Fabien Roussel et Julien Lauprêtre

Cheminot, Résistant, communiste, infatigable militant du bonheur des Hommes, Julien Lauprêtre nous a quittés. Je pense aujourd’hui aux centaines de milliers de familles, d’enfants qui ont retrouvé le sourire et une part de dignité grâce au Secours populaire sous sa présidence.
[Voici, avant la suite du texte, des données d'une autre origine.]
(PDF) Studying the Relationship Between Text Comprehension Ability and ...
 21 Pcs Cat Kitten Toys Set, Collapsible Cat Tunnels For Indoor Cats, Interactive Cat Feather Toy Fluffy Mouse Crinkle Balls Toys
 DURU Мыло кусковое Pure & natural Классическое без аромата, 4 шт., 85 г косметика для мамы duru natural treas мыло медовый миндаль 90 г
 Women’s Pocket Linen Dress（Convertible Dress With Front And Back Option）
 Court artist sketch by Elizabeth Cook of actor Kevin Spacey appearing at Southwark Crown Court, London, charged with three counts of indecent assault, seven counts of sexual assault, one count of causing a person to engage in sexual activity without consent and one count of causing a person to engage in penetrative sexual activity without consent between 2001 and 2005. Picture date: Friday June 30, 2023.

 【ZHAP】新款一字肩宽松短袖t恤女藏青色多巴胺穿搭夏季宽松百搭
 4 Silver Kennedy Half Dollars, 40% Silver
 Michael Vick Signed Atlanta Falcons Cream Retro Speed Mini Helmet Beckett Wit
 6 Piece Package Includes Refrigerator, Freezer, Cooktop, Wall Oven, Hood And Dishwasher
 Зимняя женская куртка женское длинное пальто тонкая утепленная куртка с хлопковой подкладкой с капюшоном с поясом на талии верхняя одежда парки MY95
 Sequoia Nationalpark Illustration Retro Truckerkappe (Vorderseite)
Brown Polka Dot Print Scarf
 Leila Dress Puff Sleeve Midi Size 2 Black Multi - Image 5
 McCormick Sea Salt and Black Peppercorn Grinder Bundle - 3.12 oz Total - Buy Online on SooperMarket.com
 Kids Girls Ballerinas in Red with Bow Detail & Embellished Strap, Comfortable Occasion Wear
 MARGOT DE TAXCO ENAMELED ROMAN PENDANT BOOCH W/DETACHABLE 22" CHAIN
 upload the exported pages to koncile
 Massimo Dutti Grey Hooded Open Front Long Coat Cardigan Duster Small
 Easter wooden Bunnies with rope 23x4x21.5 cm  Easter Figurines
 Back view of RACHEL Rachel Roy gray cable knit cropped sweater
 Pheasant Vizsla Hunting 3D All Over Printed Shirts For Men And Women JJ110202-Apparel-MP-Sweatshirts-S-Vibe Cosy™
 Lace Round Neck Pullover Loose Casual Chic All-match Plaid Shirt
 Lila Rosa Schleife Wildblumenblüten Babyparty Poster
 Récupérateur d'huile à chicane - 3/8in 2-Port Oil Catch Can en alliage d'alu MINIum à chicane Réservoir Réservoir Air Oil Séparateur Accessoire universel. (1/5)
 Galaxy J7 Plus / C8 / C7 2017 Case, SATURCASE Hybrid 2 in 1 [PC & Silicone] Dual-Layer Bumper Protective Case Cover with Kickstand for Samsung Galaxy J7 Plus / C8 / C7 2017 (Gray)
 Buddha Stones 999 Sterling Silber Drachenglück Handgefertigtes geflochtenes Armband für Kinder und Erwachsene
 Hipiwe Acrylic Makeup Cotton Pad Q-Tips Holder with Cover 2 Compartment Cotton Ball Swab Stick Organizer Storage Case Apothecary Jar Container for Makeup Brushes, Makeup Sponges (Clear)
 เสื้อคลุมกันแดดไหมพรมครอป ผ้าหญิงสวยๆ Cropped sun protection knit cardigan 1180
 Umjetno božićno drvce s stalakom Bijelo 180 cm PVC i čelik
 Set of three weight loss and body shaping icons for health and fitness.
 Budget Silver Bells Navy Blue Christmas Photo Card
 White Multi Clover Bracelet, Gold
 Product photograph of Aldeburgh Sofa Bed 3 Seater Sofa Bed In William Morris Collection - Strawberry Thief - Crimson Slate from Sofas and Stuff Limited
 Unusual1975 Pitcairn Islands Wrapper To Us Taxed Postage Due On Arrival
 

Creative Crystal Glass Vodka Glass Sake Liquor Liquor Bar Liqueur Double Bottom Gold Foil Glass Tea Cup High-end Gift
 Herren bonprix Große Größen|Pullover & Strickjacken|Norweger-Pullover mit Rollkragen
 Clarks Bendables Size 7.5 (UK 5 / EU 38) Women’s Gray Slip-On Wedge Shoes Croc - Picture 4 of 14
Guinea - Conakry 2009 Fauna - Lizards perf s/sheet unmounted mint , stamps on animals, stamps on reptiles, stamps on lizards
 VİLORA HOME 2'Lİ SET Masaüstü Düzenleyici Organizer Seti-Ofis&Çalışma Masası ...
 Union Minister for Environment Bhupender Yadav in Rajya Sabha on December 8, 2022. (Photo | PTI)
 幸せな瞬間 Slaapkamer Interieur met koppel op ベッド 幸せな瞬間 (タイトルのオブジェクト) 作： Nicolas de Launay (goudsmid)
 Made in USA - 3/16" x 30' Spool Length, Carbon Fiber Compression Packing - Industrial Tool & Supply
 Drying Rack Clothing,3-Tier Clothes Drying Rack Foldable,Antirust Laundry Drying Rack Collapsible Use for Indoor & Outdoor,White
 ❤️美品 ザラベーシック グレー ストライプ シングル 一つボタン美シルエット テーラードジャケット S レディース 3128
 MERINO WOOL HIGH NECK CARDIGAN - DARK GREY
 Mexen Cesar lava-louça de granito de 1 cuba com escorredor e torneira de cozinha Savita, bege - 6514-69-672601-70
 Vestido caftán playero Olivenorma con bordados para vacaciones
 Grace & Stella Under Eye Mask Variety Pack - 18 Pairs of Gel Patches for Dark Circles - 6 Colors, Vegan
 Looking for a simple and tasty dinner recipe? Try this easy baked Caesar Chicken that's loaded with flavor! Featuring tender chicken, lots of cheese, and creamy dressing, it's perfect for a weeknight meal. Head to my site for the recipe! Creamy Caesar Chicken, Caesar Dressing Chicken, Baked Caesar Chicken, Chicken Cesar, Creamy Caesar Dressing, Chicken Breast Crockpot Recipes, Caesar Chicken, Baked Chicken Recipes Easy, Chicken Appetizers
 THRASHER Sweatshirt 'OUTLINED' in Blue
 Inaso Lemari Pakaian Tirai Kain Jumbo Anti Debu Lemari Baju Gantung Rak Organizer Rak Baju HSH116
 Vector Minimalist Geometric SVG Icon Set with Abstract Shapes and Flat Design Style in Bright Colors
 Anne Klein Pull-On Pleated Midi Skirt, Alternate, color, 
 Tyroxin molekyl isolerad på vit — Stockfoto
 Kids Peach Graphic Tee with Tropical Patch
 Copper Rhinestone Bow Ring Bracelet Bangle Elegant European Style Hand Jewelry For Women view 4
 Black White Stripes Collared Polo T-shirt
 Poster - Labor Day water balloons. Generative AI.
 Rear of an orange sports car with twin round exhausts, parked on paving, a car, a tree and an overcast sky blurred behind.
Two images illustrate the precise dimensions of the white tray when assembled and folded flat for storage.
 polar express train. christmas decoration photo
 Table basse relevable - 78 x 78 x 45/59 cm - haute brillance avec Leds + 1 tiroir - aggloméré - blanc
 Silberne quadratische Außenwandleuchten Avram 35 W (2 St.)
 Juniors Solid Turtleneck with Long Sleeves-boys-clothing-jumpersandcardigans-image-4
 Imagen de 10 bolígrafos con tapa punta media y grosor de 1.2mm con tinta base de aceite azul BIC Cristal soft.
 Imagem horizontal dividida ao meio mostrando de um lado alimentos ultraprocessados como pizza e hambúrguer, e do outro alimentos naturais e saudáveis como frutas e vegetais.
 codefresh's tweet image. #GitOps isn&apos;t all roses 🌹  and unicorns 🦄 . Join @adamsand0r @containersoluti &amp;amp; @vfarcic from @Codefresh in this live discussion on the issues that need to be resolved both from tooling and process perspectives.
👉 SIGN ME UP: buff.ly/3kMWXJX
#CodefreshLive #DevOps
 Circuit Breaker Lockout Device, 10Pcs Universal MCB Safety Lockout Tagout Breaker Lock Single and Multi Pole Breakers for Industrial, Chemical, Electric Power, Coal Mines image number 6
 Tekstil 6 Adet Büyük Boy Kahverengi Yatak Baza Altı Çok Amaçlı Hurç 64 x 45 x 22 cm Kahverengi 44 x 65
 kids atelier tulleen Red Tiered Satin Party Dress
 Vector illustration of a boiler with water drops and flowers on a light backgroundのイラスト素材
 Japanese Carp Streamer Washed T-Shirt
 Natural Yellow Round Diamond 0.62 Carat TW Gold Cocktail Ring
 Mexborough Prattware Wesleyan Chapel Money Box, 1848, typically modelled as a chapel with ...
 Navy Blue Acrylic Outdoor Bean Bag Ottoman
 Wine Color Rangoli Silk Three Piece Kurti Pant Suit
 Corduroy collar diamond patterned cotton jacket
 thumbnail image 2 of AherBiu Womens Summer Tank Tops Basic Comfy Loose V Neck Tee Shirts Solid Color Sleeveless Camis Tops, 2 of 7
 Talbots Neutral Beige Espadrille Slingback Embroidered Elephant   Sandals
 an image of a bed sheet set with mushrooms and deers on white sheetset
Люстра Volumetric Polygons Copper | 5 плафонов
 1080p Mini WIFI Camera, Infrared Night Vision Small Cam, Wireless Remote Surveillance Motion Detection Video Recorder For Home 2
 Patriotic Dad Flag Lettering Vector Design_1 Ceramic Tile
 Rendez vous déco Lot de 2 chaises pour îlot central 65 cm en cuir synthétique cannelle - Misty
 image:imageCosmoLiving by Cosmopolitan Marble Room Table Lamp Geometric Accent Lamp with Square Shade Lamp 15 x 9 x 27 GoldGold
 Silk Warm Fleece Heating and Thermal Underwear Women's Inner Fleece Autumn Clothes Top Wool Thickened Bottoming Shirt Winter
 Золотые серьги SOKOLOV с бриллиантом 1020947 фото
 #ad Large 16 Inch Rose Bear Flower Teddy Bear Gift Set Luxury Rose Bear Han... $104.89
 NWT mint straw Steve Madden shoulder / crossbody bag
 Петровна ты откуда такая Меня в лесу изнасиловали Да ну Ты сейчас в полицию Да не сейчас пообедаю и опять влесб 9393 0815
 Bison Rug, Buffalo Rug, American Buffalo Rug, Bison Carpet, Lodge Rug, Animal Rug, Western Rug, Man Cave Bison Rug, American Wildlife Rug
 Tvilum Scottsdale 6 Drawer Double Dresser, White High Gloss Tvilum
Déclaration de Fabien ROUSSEL

Secrétaire national du Parti communiste français

 

Avec Julien Lauprêtre, disparaît une grande figure du combat pour la justice et la dignité.

Parce qu’il avait chevillé au corps, depuis son plus jeune âge, le principe de fraternité proclamé par notre République, Julien Lauprêtre aura consacré l’essentiel de sa vie à l’animation du Secours populaire, dont il sera devenu la figure centrale depuis 60 ans.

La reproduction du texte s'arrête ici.